Dit laatste wil niet zeggen dat Alex Kanevsky altijd precies weet waarnaar hij in een schilderij op zoek is: “Ik weet hoe het schilderij moet voelen, niet hoe het er uit zal zien.” Wat voor hem dus vaststaat is een bepaalde sfeer, een bepaalde dubbelzinnigheid of raadselachtigheid die het schilderij moet uitstralen, maar welke compositie, welke combinatie van beeldelementen er uiteindelijk op het doek zal staan om die sfeer tastbaar te maken, dat staat vooraf niet vast. Het eerste idee, de visuele aanleiding voor een schilderij, is voor hem niet veel meer dan “iets om op gang te komen”, een startsituatie die op iets heel anders uit kan lopen.

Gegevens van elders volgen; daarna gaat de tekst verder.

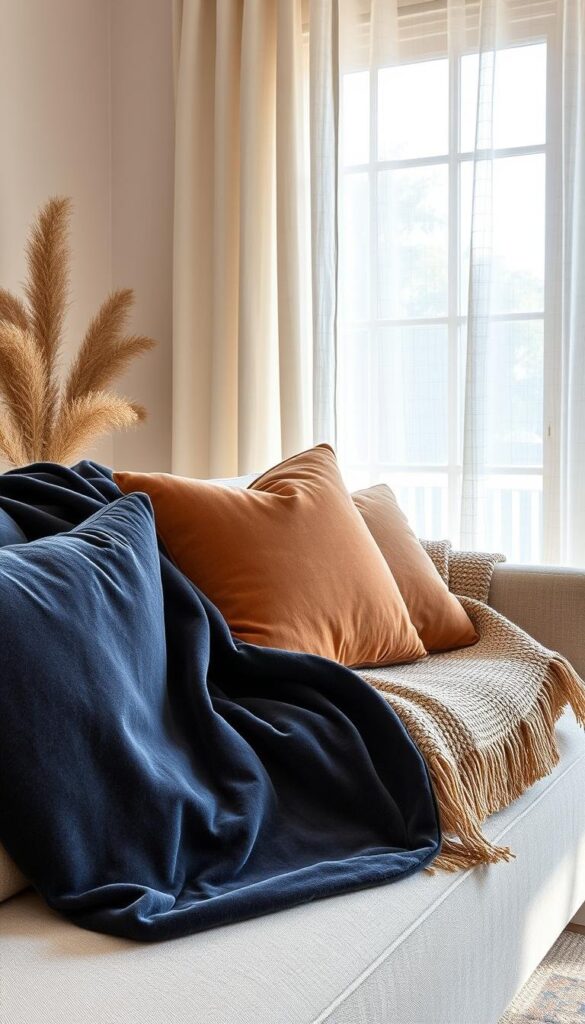 A cozy and inviting seasonal decor scene with an artful arrangement of layered fabrics. In the foreground, a plush velvet throw in a rich jewel-toned hue drapes over a neutral linen sofa. Midground, a textured woven blanket in earthy tones complements a lush velvet pillow. In the background, sheer linen curtains in a soft, airy palette frame a large window, allowing natural light to filter in and create a warm, ambient glow. The overall aesthetic is one of refined elegance and tactile comfort, perfectly capturing the essence of summertime luxe. A cozy and inviting seasonal decor scene with an artful arrangement of layered fabrics. In the foreground, a plush velvet throw in a rich jewel-toned hue drapes over a neutral linen sofa. Midground, a textured woven blanket in earthy tones complements a lush velvet pillow. In the background, sheer linen curtains in a soft, airy palette frame a large window, allowing natural light to filter in and create a warm, ambient glow. The overall aesthetic is one of refined elegance and tactile comfort, perfectly capturing the essence of summertime luxe.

Dit betekent dus dat je niet moet stoppen met zoeken zodra je een eerste versie van het schilderij hebt voltooid. Het is gemakkelijk, en in zekere zin aantrekkelijk, om verliefd te worden op je eigen schilderij zoals het, vrij snel al, op het doek staat nadat alle kleuren en figuren erop staan. Ook Diebenkorn vond het nodig om zichzelf eraan te herinneren dat die vroege tevredenheid een valkuil is:
“Aan het leuk uitziende aanvankelijke resultaat, dat nog verre van compleet is, moet geen waarde worden toegekend – behalve dan als prikkel tot doorschilderen.”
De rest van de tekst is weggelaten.